The full information maximum likelihood (FIML) and the two-stage (TS) procedure are two popular likelihood-based approaches to SEM model estimation with missing data. After model estimation, one often needs to choose the best model from a group of candidate models. A popular type of model selection tools is information criteria. Because FIML and TS both give consistent model parameter estimates, it is tempting to assume both FIML-based and TS-based information criteria are appropriate and useful. However, in this paper we show FIML and TS do not both give appropriate information criteria, and model selection results may be different from those under complete data, even in large samples. We first analytically study the implications of missing (completely) at random data for information criteria. Next, we conduct simulations to verify our theoretical proof and understand the empirical performance of information criteria. Our conclusions apply to AIC, BIC, and their variants.

KEYWORDS:

• Information criteria
• missing data
• full information maximum likelihood
• two-stage estimation

Notes

¹ The main conclusion in Huang (2017) about AIC and BIC has three parts. First, if Models A and B have different population fit function values, then in large samples both AIC and BIC will select the model with smaller population fit function value, regardless of model parsimony. Second, if Models A and B have the same population fit function value and A is nested within B, then in large samples BIC (but not AIC) will always favor Model A. Third, if Models A and B have the same population fit function value but they are nonnested, then neither BIC nor AIC can eventually settle on a single candidate model.
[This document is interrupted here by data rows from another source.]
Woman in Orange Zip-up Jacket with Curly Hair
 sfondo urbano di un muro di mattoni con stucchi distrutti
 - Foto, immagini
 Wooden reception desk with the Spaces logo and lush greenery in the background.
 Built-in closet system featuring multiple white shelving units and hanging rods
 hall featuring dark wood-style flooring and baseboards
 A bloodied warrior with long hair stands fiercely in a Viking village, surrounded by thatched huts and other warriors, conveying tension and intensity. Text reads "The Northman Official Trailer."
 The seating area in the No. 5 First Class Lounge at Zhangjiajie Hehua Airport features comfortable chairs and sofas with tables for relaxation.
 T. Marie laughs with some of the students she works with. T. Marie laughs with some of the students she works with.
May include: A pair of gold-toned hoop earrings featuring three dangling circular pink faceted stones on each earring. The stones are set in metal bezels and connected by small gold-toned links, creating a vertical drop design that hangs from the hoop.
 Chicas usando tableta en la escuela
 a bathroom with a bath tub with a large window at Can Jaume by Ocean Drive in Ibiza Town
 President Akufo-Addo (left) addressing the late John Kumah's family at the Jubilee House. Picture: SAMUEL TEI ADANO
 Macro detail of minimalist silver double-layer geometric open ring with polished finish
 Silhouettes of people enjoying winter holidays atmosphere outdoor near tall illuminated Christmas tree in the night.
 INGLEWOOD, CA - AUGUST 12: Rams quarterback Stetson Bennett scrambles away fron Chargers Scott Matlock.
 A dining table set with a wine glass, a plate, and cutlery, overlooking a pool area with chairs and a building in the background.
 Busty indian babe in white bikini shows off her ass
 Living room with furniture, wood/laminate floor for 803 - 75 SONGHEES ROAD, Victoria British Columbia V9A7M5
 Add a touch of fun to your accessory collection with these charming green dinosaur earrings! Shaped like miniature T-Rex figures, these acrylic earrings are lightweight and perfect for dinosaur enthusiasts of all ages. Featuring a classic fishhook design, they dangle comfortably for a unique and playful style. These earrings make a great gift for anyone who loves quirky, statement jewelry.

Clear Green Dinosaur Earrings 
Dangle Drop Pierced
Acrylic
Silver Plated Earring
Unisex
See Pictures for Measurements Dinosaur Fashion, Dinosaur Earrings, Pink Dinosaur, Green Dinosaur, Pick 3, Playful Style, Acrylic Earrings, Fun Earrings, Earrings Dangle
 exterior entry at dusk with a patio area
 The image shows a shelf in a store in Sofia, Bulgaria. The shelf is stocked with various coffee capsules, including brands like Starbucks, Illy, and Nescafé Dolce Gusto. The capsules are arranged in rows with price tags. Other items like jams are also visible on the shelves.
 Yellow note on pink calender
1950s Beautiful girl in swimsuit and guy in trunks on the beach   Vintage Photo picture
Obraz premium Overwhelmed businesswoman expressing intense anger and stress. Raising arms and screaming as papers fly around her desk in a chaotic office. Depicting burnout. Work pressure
² When comparing BIC and AIC, it is tempting to calculate their difference directly using $BIC-AIC=[ln(n)-2]q$ and accordingly argue that BIC and AIC will have different performance in large samples (as their difference seems to approach infinity). The problem with this method is that ${lim}_{n\to \mathrm{\infty }}BIC$ and ${lim}_{n\to \mathrm{\infty }}AIC$ do not exist in the first place (because their main component ${\sum }_{i=1}^n{u}_i$ will approach infinity in the population), and thus ${lim}_{n\to \mathrm{\infty }}(BIC-AIC)\ne ({lim}_{n\to \mathrm{\infty }}BIC)-({lim}_{n\to \mathrm{\infty }}AIC)$. The knowledge of $(BIC-AIC)$ in large samples cannot be used to study how AIC in large samples differs from BIC in large samples.

³ The missing data mechanism in D3 and D4 is a relatively strong type of MAR, in that all the individuals who satisfy a condition (say $X_1>z_{0.75}$) will lose the score on the corresponding variable ($X_2$ in this example). That is, $P(X_2\mathrm{m}\mathrm{i}\mathrm{s}\mathrm{s}\mathrm{i}\mathrm{n}\mathrm{g})=1$ if $X_1>z_{0.75}$, and $P(X_2\mathrm{m}\mathrm{i}\mathrm{s}\mathrm{s}\mathrm{i}\mathrm{n}\mathrm{g})=0$ if $X_1\le z_{0.75}$. It is also possible to have a smoother function for $P(X_2\mathrm{m}\mathrm{i}\mathrm{s}\mathrm{s}\mathrm{i}\mathrm{n}\mathrm{g})$. For example, if $P(X_2\mathrm{m}\mathrm{i}\mathrm{s}\mathrm{s}\mathrm{i}\mathrm{n}\mathrm{g})=exp(X_1)/[1+exp(X_1)]$, then $X_2$ can be missing given any $X_1$ value, and $P(X_2\mathrm{m}\mathrm{i}\mathrm{s}\mathrm{s}\mathrm{i}\mathrm{n}\mathrm{g})$ can take on any value between 0 and 1. One advantage of the missing data mechanism we adopted for our simulation study is that the amount of observed data is relatively stable across replications (e.g., in every random sample there is about 25% missing observations on $X_2$).